Dakwah provokatif bukan hanya monopoli Islam saja, hampir di setiap agama selalu ada oknum-oknum tertentu yang dengan sengaja menonjolkan primordialisme dan perbedaan sektarian ketimbang menuntut umat agar menuju kepada harmoni dan kedamaian. Kita dengan mudah menemukan itu di Facebook, Instagram, Youtube, dan media sosial lainnya.

Tugas utama kita –terlebih-lebih para pemeluk agama –adalah agar kita kembali kepada misi dan gaya berdakwa Nabi. Nabi berdakwah merangkul, bukan memukul; mengajak dengan ahsan; menghilangkan sektarianisme dan eksklusivisme. Dakwah yang mengangkat harkat dan martabat manusia.

Para pemeluk agama harus menghukum para penceramah yang suka memprovokasi, mencaci-maki, dan merendahkan pihak lain. Sebab, jika tidak dihukum, maka dengan sendirinya para ustad-ustad itu tanpa rasa bersalah, akan merasa di atas angin dan selalu beranggapan bahwa dirinya selalu didukung oleh para pendengar setianya.

Dakwah Profetik

Dakwah profetik dengan misi melawan segala bentuk rasisme menjadi tugas bersama, bukan hanya tokoh agama. Nilai-nilai persaudaraan, persamaan, dan tanggungjawab harus digelorakan di setiap sudut.

Ustad-ustad yang suka hoax dan caci maki jangan diundang, jangan diberi panggung, dan jangan diikuti media sosialnya. Dengan cara ini, maka misi profetik mewujudkan kesetaraan akan terlaksana.
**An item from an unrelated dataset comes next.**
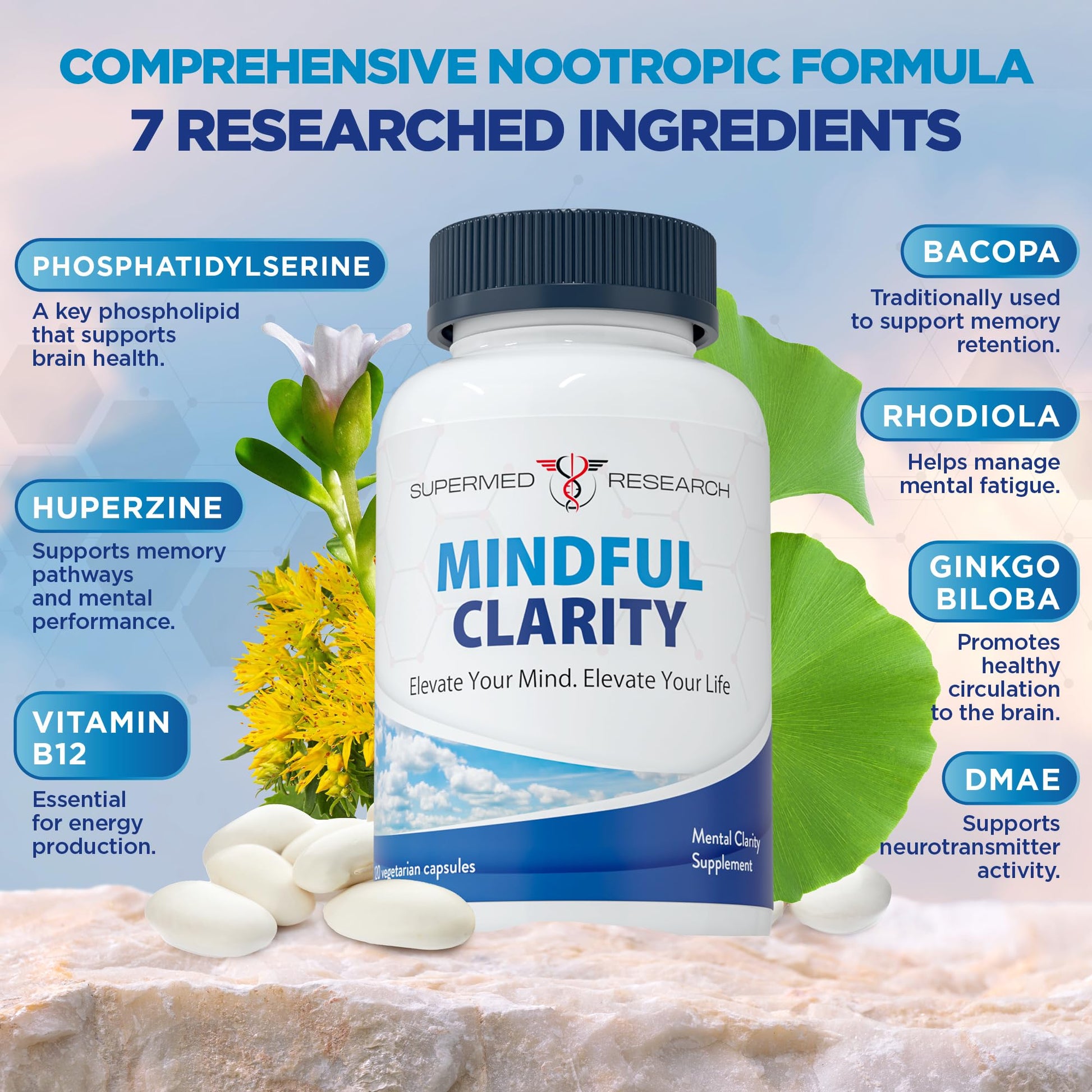 Supermed Research Mental Clarity & Focus Supplement with Bacopa, Rhodiola, Ginkgo Biloba, Huperzine, Vitamin B12, DMAE – Vegan Nootropic Brain Supplement for Memory and Brain Health (120 Capsules) Supermed Research uk supplements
Kesetaraan adalah salah satu tujuan utama dakwah Nabi Muhammad. Nabi selalu mendakwahkan bahwa letak kemuliaan seseorang bukan pada warna kulit, kelas sosial, keturunan, dan kekayaan, melainkan pada kesadaran dalam berketuhanan (taqwa). Misi dakwah sejatinya sangat egaliter. Nabi dengan lantang berpidato pada peristiwa Haji Wada’:

“Wahai sekalian umat manusia! Ingat, sesungguhnya Tuhanmu adalah Satu, dan bapakmu adalah Satu! Ingat, tidak ada kelebihan pada orang Arab atas orang Ajam (asing), dan tidak pada orang Ajam atas orang Arab, tidak pada orang merah (putih) atas orang hitam, dan tidak pada orang hitam atas orang merah (putih), kecuali dengan takwa..”

Pernyataan Nabi ini secara eksplisit menyuruh bahwa perbedaan suku, agama, ras, dan etnis jangan dijadikan sebagai ukuran dalam bertindak. Bersikap, dan berperilaku. Siapapun tidak boleh menganggap pihaknya lebih mulia dari pihak orang lain.

Agama selalu menyuruh agar sekat-sekat perbedaan itu semaksimal mungkin dihilangkan. Sebab, hanya dengan rasa seirama, serasa dan setara, persatuan dan kesatuan bisa terjaga.

Islam adalah agama yang selalu mendorong para pemeluknya agar menghargai dan menjungjung hak dan martabat setiap manusia, tanpa terjebak kepada perbedaan-perbedaan yang ada.

Nilai-nilai kesetaraan seharusnya menjadi bantu loncatan bagi setiap muslim terlebih-lebih para pemuka agamanya dalam mendakwahkan ajaran agama. Ustad, pendeta, biksu, dan segenap tokoh agama jangan terjebak pada eksklusifisme masing-masing. Dakwah harus dijadikan sebagai ladang untuk menanamkan benih-binih kesetaraan dalam masyarakat.